## EXERCISE DETAILS
The entries below contain a stretch that opens with the line containing "figmaのモナはマント外せるの最高だぞ!(h" and closes with the line containing "Fashion Jade Plum"; set down that stretch exactly, both ends included, and nothing else.

Content starts

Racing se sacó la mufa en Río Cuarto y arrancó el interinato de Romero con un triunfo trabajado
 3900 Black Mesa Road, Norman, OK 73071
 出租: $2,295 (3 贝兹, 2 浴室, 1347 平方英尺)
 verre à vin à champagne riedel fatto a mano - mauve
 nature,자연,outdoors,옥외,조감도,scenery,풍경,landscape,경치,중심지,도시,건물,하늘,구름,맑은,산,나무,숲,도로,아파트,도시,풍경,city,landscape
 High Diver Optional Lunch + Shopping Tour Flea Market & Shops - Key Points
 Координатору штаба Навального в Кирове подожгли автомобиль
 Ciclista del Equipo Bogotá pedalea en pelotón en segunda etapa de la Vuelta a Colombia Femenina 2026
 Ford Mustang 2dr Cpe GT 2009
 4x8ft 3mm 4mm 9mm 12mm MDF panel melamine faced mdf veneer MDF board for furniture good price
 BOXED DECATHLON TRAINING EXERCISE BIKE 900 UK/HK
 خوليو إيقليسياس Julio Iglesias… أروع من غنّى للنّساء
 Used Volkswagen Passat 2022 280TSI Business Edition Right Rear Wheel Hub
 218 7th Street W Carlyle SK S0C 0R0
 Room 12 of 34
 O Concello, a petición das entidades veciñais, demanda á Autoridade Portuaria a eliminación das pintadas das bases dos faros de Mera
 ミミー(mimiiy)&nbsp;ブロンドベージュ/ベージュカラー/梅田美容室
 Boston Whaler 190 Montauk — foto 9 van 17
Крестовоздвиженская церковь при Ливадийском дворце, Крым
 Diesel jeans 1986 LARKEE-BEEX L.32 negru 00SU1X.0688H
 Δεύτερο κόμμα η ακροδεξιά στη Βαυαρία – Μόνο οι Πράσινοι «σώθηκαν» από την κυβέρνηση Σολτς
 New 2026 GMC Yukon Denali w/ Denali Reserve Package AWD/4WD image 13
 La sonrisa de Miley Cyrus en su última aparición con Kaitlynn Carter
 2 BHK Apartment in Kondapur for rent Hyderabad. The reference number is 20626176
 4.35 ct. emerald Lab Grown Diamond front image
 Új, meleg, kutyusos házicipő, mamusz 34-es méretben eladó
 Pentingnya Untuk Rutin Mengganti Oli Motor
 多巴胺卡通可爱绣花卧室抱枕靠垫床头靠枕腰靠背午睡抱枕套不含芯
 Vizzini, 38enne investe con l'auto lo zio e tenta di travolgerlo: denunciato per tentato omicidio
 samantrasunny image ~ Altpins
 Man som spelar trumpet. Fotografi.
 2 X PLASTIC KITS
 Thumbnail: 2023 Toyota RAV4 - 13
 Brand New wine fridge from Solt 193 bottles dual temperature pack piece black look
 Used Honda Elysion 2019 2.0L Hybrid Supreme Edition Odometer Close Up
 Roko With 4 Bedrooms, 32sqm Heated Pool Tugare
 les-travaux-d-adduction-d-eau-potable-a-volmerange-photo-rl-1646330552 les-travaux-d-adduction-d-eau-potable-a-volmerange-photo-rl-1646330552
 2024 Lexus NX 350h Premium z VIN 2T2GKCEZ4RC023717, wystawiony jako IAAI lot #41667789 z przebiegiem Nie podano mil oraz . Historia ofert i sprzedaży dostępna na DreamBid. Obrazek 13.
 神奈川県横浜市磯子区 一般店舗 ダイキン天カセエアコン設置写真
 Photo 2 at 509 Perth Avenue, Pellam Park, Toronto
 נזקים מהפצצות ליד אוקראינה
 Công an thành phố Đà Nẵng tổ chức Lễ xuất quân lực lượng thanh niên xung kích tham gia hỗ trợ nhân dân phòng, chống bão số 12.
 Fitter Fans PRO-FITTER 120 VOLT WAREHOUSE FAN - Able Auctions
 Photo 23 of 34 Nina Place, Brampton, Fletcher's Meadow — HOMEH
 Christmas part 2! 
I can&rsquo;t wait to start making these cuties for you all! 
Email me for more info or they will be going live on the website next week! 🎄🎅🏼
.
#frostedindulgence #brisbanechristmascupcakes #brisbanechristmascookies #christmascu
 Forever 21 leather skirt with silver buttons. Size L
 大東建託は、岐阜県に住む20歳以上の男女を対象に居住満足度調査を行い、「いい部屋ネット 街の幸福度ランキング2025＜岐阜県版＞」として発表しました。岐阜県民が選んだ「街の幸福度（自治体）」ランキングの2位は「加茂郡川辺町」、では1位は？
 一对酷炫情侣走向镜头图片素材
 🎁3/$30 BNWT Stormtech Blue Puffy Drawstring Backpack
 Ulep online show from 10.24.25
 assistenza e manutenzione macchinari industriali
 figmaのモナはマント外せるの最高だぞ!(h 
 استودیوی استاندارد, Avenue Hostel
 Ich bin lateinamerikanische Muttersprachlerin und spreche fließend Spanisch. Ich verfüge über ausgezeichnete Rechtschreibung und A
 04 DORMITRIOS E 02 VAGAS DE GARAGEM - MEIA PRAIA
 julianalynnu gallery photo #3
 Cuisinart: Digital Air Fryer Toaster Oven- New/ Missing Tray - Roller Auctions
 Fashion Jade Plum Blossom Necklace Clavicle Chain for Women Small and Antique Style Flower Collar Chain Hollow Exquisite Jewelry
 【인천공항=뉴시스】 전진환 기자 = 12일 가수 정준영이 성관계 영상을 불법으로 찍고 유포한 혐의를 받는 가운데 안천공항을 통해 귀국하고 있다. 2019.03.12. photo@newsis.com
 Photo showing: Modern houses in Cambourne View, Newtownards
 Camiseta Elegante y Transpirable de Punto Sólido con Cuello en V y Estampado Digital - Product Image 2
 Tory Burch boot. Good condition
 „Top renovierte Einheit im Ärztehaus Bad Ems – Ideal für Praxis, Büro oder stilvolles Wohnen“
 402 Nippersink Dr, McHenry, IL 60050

Content ends

## SOLUTION FOR THIS PROBLEM
 figmaのモナはマント外せるの最高だぞ!(h 
 استودیوی استاندارد, Avenue Hostel
 Ich bin lateinamerikanische Muttersprachlerin und spreche fließend Spanisch. Ich verfüge über ausgezeichnete Rechtschreibung und A
 04 DORMITRIOS E 02 VAGAS DE GARAGEM - MEIA PRAIA
 julianalynnu gallery photo #3
 Cuisinart: Digital Air Fryer Toaster Oven- New/ Missing Tray - Roller Auctions
 Fashion Jade Plum Blossom Necklace Clavicle Chain for Women Small and Antique Style Flower Collar Chain Hollow Exquisite Jewelry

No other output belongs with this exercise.